I have two MongoDB documents:
Customer Document:
@Document(collection = "customers")
@Setter
@Getter
public class Customer {
@Id
private String id;
@Field("purchaseIds ")
@Indexed
private List<String> purchaseIds = new ArrayList<>();
//other fields
}
Purchase Document:
@Document(collection = "purchases")
@Setter
@Getter
public class Purchase {
@Id
private String id;
//other fields
}
Each customer can have many purchases. In the database, there are more than a hundred million records for both customers and their purchases. I need to delete a set of purchases based on certain criteria, and this process can be very performance-intensive.

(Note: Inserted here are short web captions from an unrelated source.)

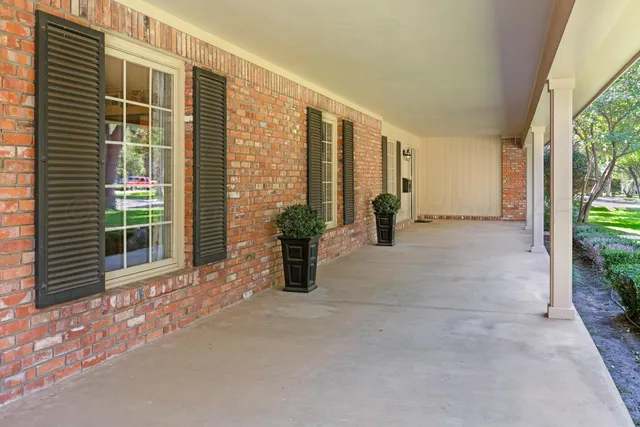 a view of a hallway with a door and wooden floor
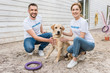 © LIGHTFIELD STUDIOS - smiling volunteers of animals shelter squatting and palming labrador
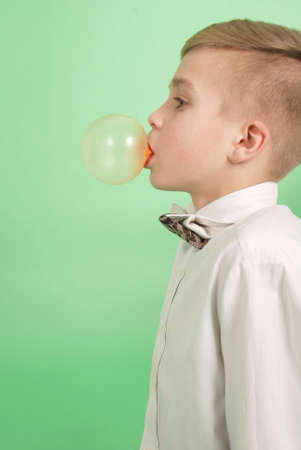 Boy blowing a bubblegum bubble isolated on greenの写真素材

I am using a batch approach to delete purchases. Here is my current implementation:
private static Criteria getCustomersPurchaseDeleteCriteria() {
return Criteria.where("isProcessed").is(true);
}
private void removeNonProcessedElevenTwelveLogs(Criteria logDeleteCriteria) {
int batchSize = chunkSize; // Define the batch size for pagination
ObjectId lastId = null;
boolean hasMoreResults = true;
// Bulk operations to remove all matching purchases
BulkOperations bulkOperations = mongoTemplate.bulkOps(BulkOperations.BulkMode.UNORDERED, Purchase.class);
while (hasMoreResults) {
// Query to first find matching Customers whose purchases are about to be deleted
Query query = new Query(getCustomersPurchaseDeleteCriteria())
.limit(batchSize)
.with(Sort.by(Sort.Direction.ASC, "_id"));
if (Objects.nonNull(lastId)) {
query.addCriteria(Criteria.where("_id").gt(lastId));
}
// Apply projection to only fetch the purchaseIds field
query.fields().include("purchaseIds");
double start = System.currentTimeMillis();
List<String> deletingPurchaseIds = new ArrayList<>();
// Fetch documents with specified criteria
List<Customer> matchingCustomers = mongoTemplate.find(query, Customer.class);
for (Customer customer : matchingCustomers) {
deletingPurchaseIds.addAll(customer.getPurchaseIds());
// Keep track of the last processed ID
lastId = new ObjectId(customer.getId());
}
log.info("time for finding and extracting ids from matching customers: {} sec", (System.currentTimeMillis() - start) / 1000);
if (deletingPurchaseIds.isEmpty()) {
hasMoreResults = false;
continue;
}
// Criteria for Purchases related to the matching Customers
Criteria deleteCriteria = Criteria.where("_id").in(deletingPurchaseIds);
// Create a query with the deleteCriteria
Query purchaseDeleteQuery = new Query(deleteCriteria);
start = System.currentTimeMillis();
// Bulk operations to remove all matching Purchases
bulkOperations.remove(purchaseDeleteQuery);
BulkWriteResult execute = bulkOperations.execute();
log.info("time for deleting batch of purchases: {} sec and deleted size: {}", (System.currentTimeMillis() - start) / 1000, execute.getDeletedCount());
// Check if there are more results to fetch
hasMoreResults = deletingPurchaseIds.size() == batchSize;
}
log.info("finished purchases removal for matched customers.");
}
Problem: Even with a batch size of 1000, it takes about 3 hours to delete a test case of 5 million customers and 5 million purchases. I need to optimize this process.
Questions:
-
Is there a more efficient way to perform bulk deletions in MongoDB?
-
Are there any improvements I can make to my current approach to speed up the deletion process?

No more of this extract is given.